[Data extracted from a collection]
- - - - - - -

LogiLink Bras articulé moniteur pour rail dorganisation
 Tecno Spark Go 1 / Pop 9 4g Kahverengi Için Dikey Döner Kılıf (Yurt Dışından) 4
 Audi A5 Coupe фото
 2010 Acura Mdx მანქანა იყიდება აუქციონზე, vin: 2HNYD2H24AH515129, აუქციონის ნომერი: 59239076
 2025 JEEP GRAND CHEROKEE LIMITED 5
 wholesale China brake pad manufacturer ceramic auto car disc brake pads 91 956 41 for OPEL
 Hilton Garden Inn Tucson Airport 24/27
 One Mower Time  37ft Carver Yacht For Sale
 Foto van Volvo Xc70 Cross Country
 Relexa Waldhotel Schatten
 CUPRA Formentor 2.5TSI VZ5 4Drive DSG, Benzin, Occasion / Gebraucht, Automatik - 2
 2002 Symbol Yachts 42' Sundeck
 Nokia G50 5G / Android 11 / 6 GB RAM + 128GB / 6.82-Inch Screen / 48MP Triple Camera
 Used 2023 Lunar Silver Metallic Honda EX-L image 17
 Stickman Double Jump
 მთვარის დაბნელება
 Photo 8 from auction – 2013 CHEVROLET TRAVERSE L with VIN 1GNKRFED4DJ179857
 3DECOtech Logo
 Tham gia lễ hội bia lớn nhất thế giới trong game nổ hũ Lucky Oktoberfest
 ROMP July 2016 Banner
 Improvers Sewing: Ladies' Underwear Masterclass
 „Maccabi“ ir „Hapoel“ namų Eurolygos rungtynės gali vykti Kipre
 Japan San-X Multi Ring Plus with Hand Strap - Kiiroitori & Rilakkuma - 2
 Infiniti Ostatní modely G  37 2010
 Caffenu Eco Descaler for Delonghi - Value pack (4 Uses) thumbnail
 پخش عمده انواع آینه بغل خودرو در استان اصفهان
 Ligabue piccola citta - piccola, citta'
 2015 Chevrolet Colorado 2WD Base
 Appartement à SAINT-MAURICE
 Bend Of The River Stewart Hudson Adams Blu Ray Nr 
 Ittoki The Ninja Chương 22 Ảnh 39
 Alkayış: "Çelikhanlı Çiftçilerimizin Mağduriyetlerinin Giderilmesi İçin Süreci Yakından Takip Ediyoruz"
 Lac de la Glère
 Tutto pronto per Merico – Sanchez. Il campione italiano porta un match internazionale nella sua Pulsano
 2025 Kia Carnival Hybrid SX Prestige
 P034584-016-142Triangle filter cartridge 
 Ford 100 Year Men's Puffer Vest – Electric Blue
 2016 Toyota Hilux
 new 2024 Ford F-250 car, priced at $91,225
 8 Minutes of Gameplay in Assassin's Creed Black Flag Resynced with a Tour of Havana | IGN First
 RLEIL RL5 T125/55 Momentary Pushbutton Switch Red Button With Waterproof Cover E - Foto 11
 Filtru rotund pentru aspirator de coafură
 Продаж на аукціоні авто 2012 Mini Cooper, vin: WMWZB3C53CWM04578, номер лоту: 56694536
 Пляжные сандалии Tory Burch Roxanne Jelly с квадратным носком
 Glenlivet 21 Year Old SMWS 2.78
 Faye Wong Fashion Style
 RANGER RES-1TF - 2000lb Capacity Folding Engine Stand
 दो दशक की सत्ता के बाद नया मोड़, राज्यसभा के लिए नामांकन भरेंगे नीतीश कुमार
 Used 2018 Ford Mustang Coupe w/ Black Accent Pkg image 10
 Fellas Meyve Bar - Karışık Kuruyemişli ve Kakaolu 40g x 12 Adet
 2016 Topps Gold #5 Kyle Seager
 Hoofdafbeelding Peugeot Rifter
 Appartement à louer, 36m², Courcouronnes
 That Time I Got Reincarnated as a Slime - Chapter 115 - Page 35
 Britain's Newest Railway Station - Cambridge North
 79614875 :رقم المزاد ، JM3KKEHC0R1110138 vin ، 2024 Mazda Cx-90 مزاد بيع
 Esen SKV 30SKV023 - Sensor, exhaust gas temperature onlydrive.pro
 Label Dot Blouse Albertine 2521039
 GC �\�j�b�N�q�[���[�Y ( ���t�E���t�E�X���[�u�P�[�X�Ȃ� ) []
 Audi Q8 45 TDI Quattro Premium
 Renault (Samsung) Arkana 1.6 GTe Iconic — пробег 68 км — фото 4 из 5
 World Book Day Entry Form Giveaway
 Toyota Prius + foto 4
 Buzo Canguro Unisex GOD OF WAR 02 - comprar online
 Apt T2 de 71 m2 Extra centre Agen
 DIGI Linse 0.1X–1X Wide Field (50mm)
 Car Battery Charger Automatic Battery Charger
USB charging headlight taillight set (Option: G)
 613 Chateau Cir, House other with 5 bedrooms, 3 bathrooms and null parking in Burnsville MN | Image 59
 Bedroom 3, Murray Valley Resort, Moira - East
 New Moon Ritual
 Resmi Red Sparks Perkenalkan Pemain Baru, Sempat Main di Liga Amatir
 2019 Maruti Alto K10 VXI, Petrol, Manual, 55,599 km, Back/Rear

- - - - - - -

The answer is the run of lines above from the line containing "wholesale China brake" through the line containing "Ligabue piccola citta - piccola, citta'", copied exactly and alone.

 wholesale China brake pad manufacturer ceramic auto car disc brake pads 91 956 41 for OPEL
 Hilton Garden Inn Tucson Airport 24/27
 One Mower Time  37ft Carver Yacht For Sale
 Foto van Volvo Xc70 Cross Country
 Relexa Waldhotel Schatten
 CUPRA Formentor 2.5TSI VZ5 4Drive DSG, Benzin, Occasion / Gebraucht, Automatik - 2
 2002 Symbol Yachts 42' Sundeck
 Nokia G50 5G / Android 11 / 6 GB RAM + 128GB / 6.82-Inch Screen / 48MP Triple Camera
 Used 2023 Lunar Silver Metallic Honda EX-L image 17
 Stickman Double Jump
 მთვარის დაბნელება
 Photo 8 from auction – 2013 CHEVROLET TRAVERSE L with VIN 1GNKRFED4DJ179857
 3DECOtech Logo
 Tham gia lễ hội bia lớn nhất thế giới trong game nổ hũ Lucky Oktoberfest
 ROMP July 2016 Banner
 Improvers Sewing: Ladies' Underwear Masterclass
 „Maccabi“ ir „Hapoel“ namų Eurolygos rungtynės gali vykti Kipre
 Japan San-X Multi Ring Plus with Hand Strap - Kiiroitori & Rilakkuma - 2
 Infiniti Ostatní modely G  37 2010
 Caffenu Eco Descaler for Delonghi - Value pack (4 Uses) thumbnail
 پخش عمده انواع آینه بغل خودرو در استان اصفهان
 Ligabue piccola citta - piccola, citta'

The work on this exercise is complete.